The jump and link register instruction is JALR when the CHERI execution mode is Capability Pointer Mode; behaves as described in Section 4.4. When the mode is Integer Pointer Mode. In this case, the target address is obtained by adding the sign-extended 12-bit immediate to the x register operand, then setting the least significant bit of the result to zero. The target address is then written to the pcc address and a representability check is performed. The address of the instruction following the jump (pc + 4) is written to an x register; that register’s tag and capability metadata are zeroed.

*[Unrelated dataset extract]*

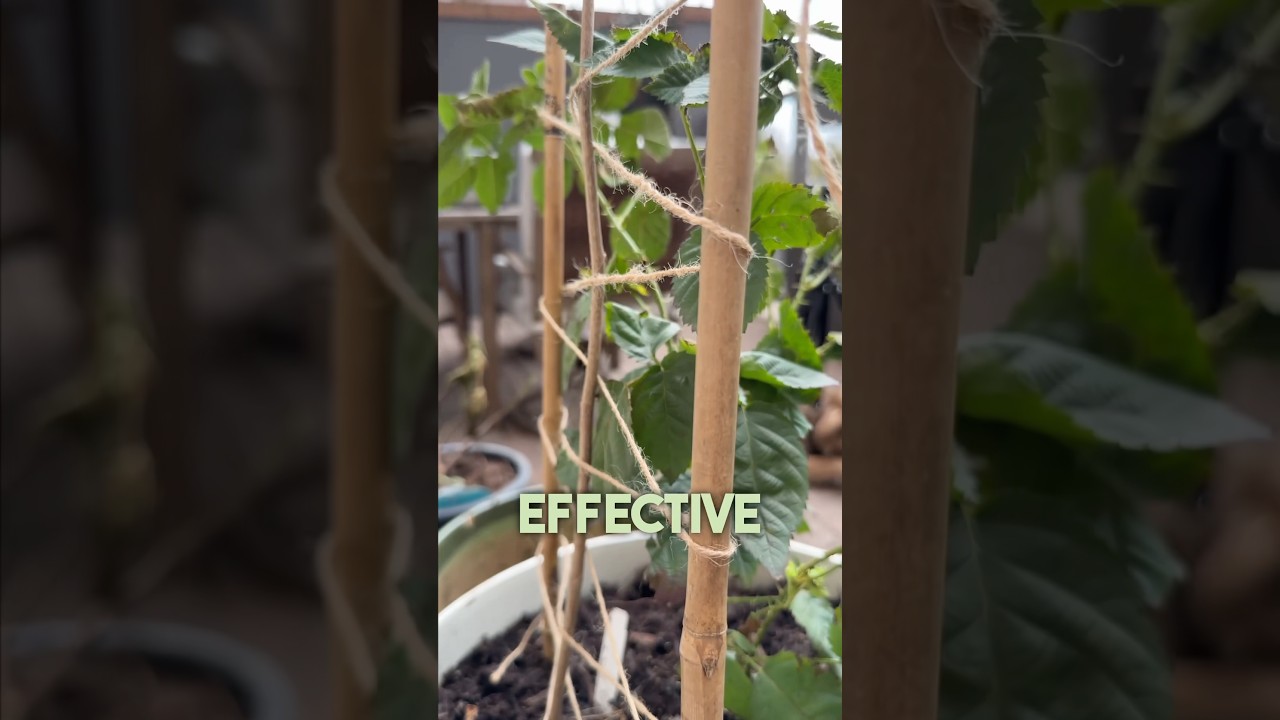 Простая самодельная шпалера для вьющихся растений! 🌿✨ (Дешёво и просто) #СделайСам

Zcherihybrid allows changing the current CHERI execution mode when executing JALR from Capability Pointer Mode.

JAL and JALR cause CHERI exceptions when a minimum sized instruction at the target address is not within the bounds of the pcc. An instruction address misaligned exception is raised when the target address is misaligned.

7.4.2. Conditional Branches

The behavior is as shown in Section 4.4.2.2.

7.4.3. Load and Store Instructions

Load and store instructions change behavior depending on the CHERI execution mode although the instruction’s encoding remains unchanged.

Loads and stores behave as described in Section 4.4 when in Capability Pointer Mode. In Integer Pointer Mode, the instructions behave as described in the RISC-V base ISA and rely on x operands only. The capability authorizing the memory access is ddc and the memory address is given by sign-extending the 12-bit immediate offset and adding it to the base address in the x register operand.

The exception cases remain as described in Section 4.4 regardless of the CHERI execution mode.

7.4.4. CSR Instructions

Zcherihybrid adds the concept of CSRs which contain a capability where the address field is visible in Integer Pointer Mode (e.g. mtvec) and the full capability is visible in Capability Pointer Mode through a different name (e.g. mtvecc). These are referred to as extended CSRs. Also, Zcherihybrid adds the new capability CSRs listed in Table 32.

Extended CSRs have only one address; the access width is determined by the execution mode.

When CSRRW is executed on an extended CSR in Integer Pointer Mode:

The register operand is an x register.
Only XLEN bits from the x source are written to the capability address field.
- The tag and metadata are updated as specified in Table 49.
Only XLEN bits are read from the capability address field, which are extended to MXLEN bits according to (RISC-V, 2023) (3.1.6.2. Base ISA Control in mstatus Register) and are then written to the destination x register.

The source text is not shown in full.